- [Entries provided]

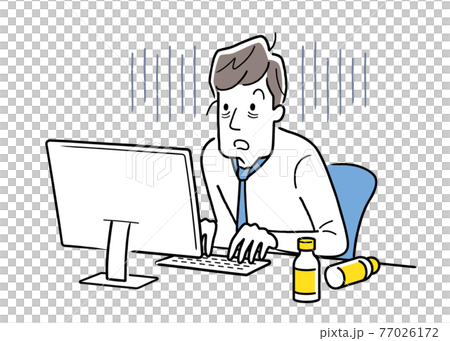 ベクターイラスト素材：仕事が終わらなくて疲れているビジネスマン 77026172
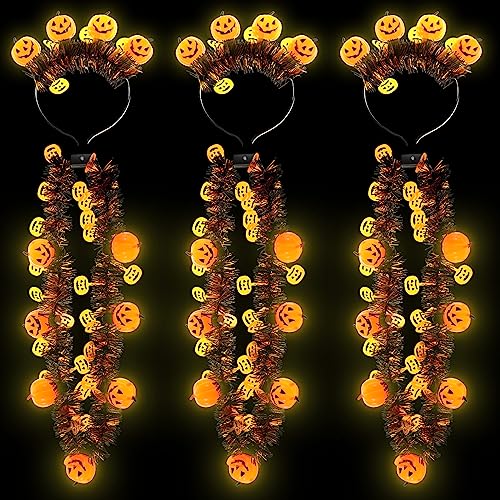 Frienda Halloween Party Accessories, 6 Pcs Halloween Pumpkin Headband Necklace Set, Tinsel 3D Light Halloween Party Necklace for Kids Trick or Treat Halloween Decorations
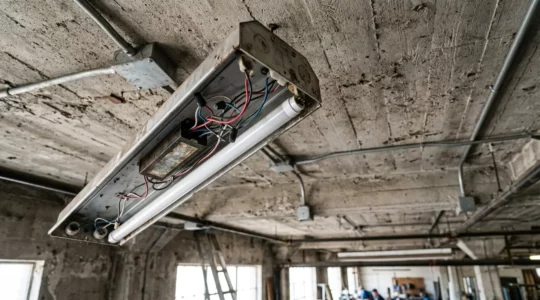 Remplacement d'un tube fluorescent par un tube LED dans un garage avec focus sur le ballast et les connexions électriques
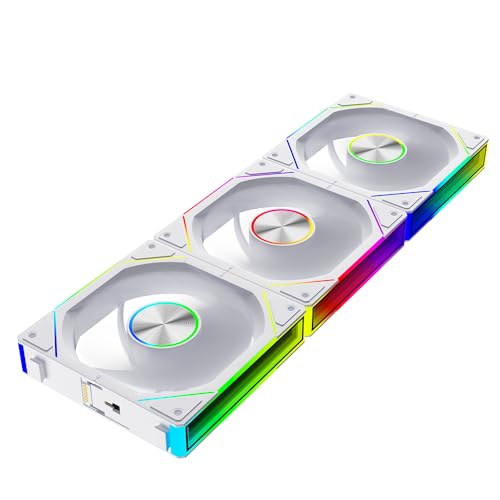 Image of Fan JM-SE 3IN1 BK 120 Fan Infinity Mirror Module Daisy-Chain 5V ARGB PWM Case Fans 120mm Triple Pack Suitable for Computer Case & CPU Cooling (White)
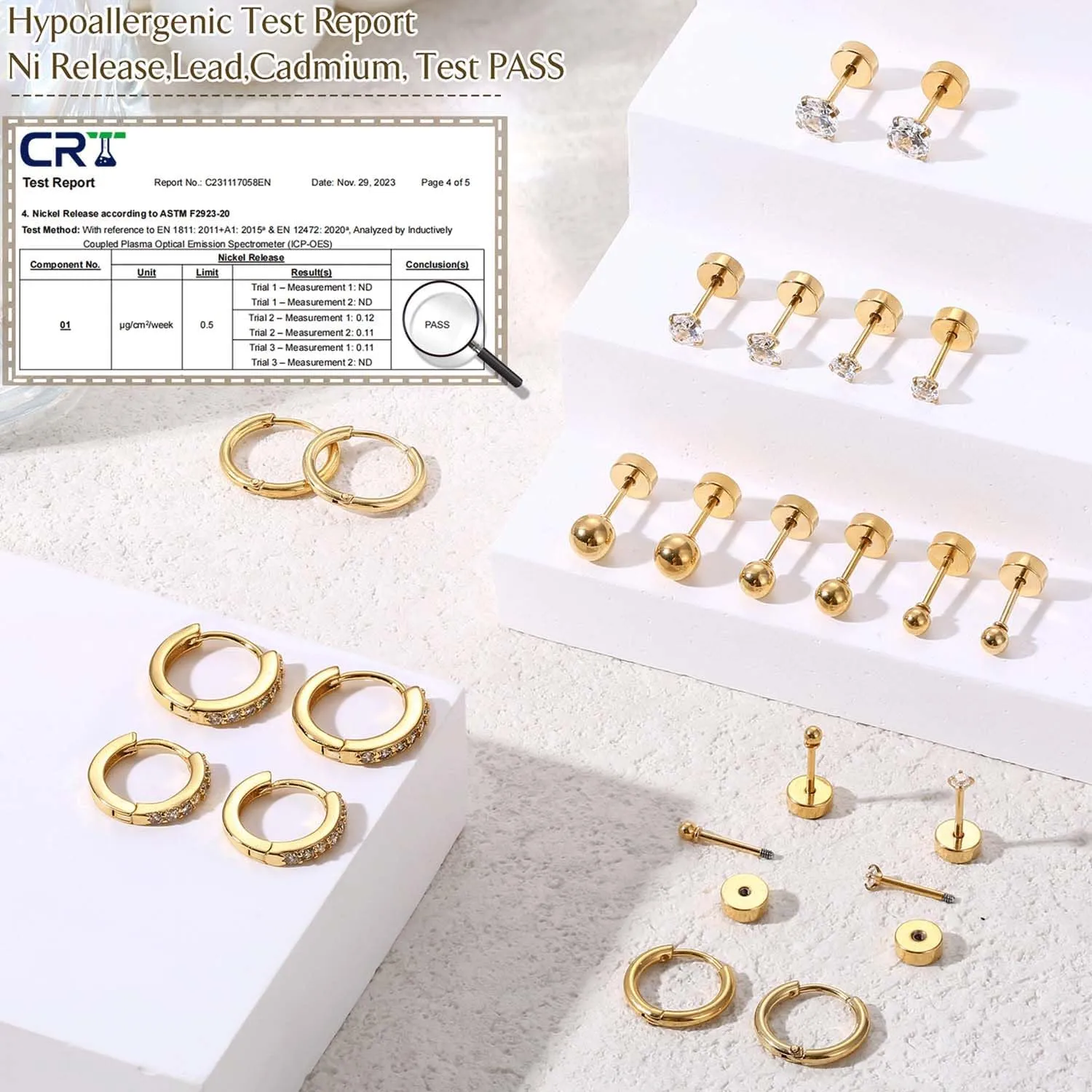 Jstyle 9 Pairs Earrings Sets for Multiple Piercing Hypoallergenic 14K Gold Plated Small Huggie Hoop Earrings for Women Tiny Ball CZ Gold Flat Back Stud Earrings for Women Lobe Helix Cartilage Earrings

- [What is required] Without the pictures, retype the whole of the material above exactly.

- [Task solution]
 ベクターイラスト素材：仕事が終わらなくて疲れているビジネスマン 77026172
 Frienda Halloween Party Accessories, 6 Pcs Halloween Pumpkin Headband Necklace Set, Tinsel 3D Light Halloween Party Necklace for Kids Trick or Treat Halloween Decorations
 Remplacement d'un tube fluorescent par un tube LED dans un garage avec focus sur le ballast et les connexions électriques
 Image of Fan JM-SE 3IN1 BK 120 Fan Infinity Mirror Module Daisy-Chain 5V ARGB PWM Case Fans 120mm Triple Pack Suitable for Computer Case & CPU Cooling (White)
 Jstyle 9 Pairs Earrings Sets for Multiple Piercing Hypoallergenic 14K Gold Plated Small Huggie Hoop Earrings for Women Tiny Ball CZ Gold Flat Back Stud Earrings for Women Lobe Helix Cartilage Earrings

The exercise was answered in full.